Start with Why. Then figure out How. That leads to What. Never start with What.
Oculus kickstarted the modern, fledgling virtual reality industry – literally, on Kickstarter. VR has been around in various forms for decades. The Oculus Rift represented a major leap forwards and received massive goodwill and public support.
Fast forward to now and there are multiple players in the market. Most notably Oculus (now owned by Facebook) and the Vive from the odd pairing of Valve and HTC. But this industry isn’t like home video in the 80s – back then, home video was definitely going to happen. The format war between VHS and Betamax was daft, but it didn’t threaten the very concept itself.
VR is in a very different place. The job of the Vive and the Oculus Rift is not to be the dominant VR device, but to convince the public that VR is even worth doing in the first place. On the adoption life cycle we’re still very much in innovator territory, barely into the early adopter phase.
Simon Sinek talks about the importance of understanding your Why. Defining yourself by your Why is what gives you the edge over your competitors, or makes you stand out from the crowd. Most people and companies lead with their What, and make that their mission statement but this doesn’t give you much room to manoeuvre.
Apple, historically, have had a clear Why: doing things differently. It’s why they’ve been able to diversify into other markets and revolutionise entire industries such as mobile and music. It’s why the nerdiest company of the 90s was able to reinvent itself as a leading fashion and lifestyle brand in the late 2000s.

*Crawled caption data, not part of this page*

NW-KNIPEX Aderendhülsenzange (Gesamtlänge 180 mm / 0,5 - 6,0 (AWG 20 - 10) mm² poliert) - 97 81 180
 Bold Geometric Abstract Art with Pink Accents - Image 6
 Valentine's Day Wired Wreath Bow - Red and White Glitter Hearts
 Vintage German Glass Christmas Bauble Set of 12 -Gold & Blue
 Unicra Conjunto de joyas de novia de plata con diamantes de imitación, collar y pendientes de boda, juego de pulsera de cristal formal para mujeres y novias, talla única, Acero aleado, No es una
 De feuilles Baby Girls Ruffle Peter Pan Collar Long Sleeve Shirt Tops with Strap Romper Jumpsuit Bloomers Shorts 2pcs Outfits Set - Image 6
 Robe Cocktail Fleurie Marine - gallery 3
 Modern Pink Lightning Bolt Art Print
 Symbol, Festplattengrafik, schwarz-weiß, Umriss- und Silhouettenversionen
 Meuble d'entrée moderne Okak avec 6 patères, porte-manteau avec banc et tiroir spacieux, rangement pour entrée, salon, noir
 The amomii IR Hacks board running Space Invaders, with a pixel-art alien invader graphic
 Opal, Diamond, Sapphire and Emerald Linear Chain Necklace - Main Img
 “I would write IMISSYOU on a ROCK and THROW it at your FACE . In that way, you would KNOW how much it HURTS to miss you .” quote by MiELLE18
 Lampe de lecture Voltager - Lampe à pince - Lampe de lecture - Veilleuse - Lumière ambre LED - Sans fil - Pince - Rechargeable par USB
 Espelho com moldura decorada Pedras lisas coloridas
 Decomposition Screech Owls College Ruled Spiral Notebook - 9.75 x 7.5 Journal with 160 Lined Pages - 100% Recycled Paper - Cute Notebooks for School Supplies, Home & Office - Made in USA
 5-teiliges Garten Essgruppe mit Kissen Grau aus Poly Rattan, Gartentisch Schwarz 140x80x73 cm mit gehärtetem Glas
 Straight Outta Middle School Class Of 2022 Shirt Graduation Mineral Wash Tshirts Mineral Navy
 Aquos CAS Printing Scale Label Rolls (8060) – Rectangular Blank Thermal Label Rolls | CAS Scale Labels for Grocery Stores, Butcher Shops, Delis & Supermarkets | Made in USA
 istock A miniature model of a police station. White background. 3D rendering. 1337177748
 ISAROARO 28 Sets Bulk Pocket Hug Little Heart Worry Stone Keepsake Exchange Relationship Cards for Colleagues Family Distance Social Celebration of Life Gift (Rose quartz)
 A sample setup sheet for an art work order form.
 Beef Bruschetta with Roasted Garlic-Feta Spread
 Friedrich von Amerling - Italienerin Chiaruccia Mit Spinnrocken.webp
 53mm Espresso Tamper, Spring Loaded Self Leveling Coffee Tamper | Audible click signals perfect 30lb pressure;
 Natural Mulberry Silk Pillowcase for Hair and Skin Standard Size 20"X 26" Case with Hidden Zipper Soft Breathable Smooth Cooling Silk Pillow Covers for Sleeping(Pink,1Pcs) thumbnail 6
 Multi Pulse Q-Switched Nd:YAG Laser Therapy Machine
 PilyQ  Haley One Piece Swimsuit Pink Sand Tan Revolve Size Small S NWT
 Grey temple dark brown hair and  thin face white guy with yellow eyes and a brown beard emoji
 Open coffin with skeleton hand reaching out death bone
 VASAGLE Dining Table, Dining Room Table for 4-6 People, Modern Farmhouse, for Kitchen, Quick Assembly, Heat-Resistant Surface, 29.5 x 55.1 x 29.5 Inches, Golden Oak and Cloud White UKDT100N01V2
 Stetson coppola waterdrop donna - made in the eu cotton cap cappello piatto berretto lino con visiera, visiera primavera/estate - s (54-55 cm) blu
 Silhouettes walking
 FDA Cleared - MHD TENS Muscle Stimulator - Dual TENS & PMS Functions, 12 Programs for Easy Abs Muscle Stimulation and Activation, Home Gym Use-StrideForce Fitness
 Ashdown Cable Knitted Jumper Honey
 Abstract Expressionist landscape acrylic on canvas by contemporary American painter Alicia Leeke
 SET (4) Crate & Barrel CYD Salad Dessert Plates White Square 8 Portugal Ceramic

This is also why most Android and Windows Phone manufacturers have failed to do the same, despite having the technical ability to make products as good as the iPhone. They define themselves as producers of mobile phones. That makes them boring. It makes them unappealing to consumers.
People who Kickstarted Oculus in the first place and people who are now investing in the Vive or Rift products are not interested in product and brand. They are committed to the cause, of making VR work and Become A Thing. Their Why is that they want VR to have a future.
Right out of the gate, Oculus shared this Why and people with the same Why were drawn to it like moths to a flame. But things have changed.
As reported, Oculus are going to considerable effort to create exclusives, and lock products into their ecosystem. Some Oculus games won’t work on other VR devices, not due to hardware limitations but for corporate reasons. Those are not the actions of a company which wants VR to succeed: they’re the actions of a company which wants VR to succeed only if they’re the ones selling it.
Contrast this with the Vive, where Valve have explicitly stated that they won’t be doing exclusives. They’re using a generally open framework. Anything that works on the Vive will work on any other VR device, if it’s capable.
Oculus have forgotten their Why. They’re leading with their What: We will have the leading VR platform. The How then becomes: We make a high quality, restricted hardware platform and provide incentives to developers to make their products exclusive to our platform. The Why doesn’t even get a look-in.
Valve/HTC are leading with their Why: We want virtual reality to succeed, and to become a powerful cultural force. Their How becomes: We make powerful products and make them as widely available to developers and consumers as possible. The What is consequently: We make great VR hardware. All their decisions flow from that Why, and it’s evident in everything they do.
The problem for Oculus is that nobody cares about their What. But anybody willing to invest in VR hardware at this nascent stage will automatically resonate with Valve/HTC’s clear Why. The messages and philosophies emanating from the companies are vastly different.
To general consumers this might not matter hugely. If VR was an established entertainment industry, Oculus could succeed through manipulations alone, just as lots of dull companies quite happily sell TVs. But VR is nowhere near general consumers. It’s perhaps on the radar of early adopters but only barely. It’s hardly registered for the early majority. So the market so far is comprised of innovators, those pioneering, visionary spenders who are willing to take a chance simply because they want a thing to happen.
For those people, hardware and price comparisons don’t matter. All that matters is that VR itself has a bright future. There have been so many false starts over the years that the idea of it fizzling out again is too heartbreaking to consider.
VR has to feel revolutionary. Oculus, presumably influenced by their owners, have taken themselves out of the changing the world game and have instead defined themselves as a product platform. At this stage in VR’s life cycle that’s a risky move. There are few things less attractive to innovators and early adopters.